The quiz itself was fraught with all the usual hipster idiosyncrasies, beginning with a picture of Italian striker, Pablo (sorry, Dani) Osvaldo with his long, ponytailed hair, unkempt beard and thick-rimmed gigs. There were also references to the Borussia Dortmund of 1996, the scientific, Soviet football manager, Valeriy Lobanovskyi, the Italian catenaccio defensive system and what hipster list would be complete without including Jürgen Klopp or FC St. Pauli?

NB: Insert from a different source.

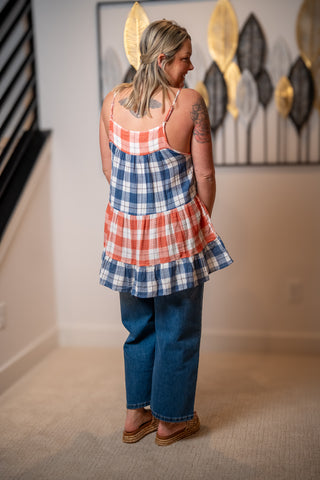Woman wearing a plaid tunic tank top with adjustable straps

But how can anything or anyone for that matter, call itself hipster? Surely you can’t declare yourself hipster as that would not be the hipster thing to do? It defeats the whole idea of the hipster to label yourself hipster as that task is for the rest of the world, in their infinite wisdom to decide. And by virtue of that statement, I’m surprised the whole universe hasn’t crumbled under the weight of the football hipster paradox and subsequently found itself sucked into a Jonathan Wilson-shaped black hole left in the wake of an utterly contradictory quiz on The Guardian website.
On yet another level, I didn’t take the quiz. So, does that actually make me a hipster by not participating in something that everyone is talking about/doing? Or further still, am I not a hipster simply because I’m writing about an entity that declared itself hipster? These are obviously the most important questions that need to be answered if we are to further the debate over the football hipster.
The Guardian should be ashamed of itself using the football hipster name in vain! I mean, true football hipsters don’t go ‘click baiting’ do they? Publishing something online simply to get a lot of views? Disgusting! It’s not as if people can decide for themselves what constitutes quality content!? Can they?
Even more outrageously, it even gave Wilson a chance to plug his own football hipster bible, Inverting the Pyramid!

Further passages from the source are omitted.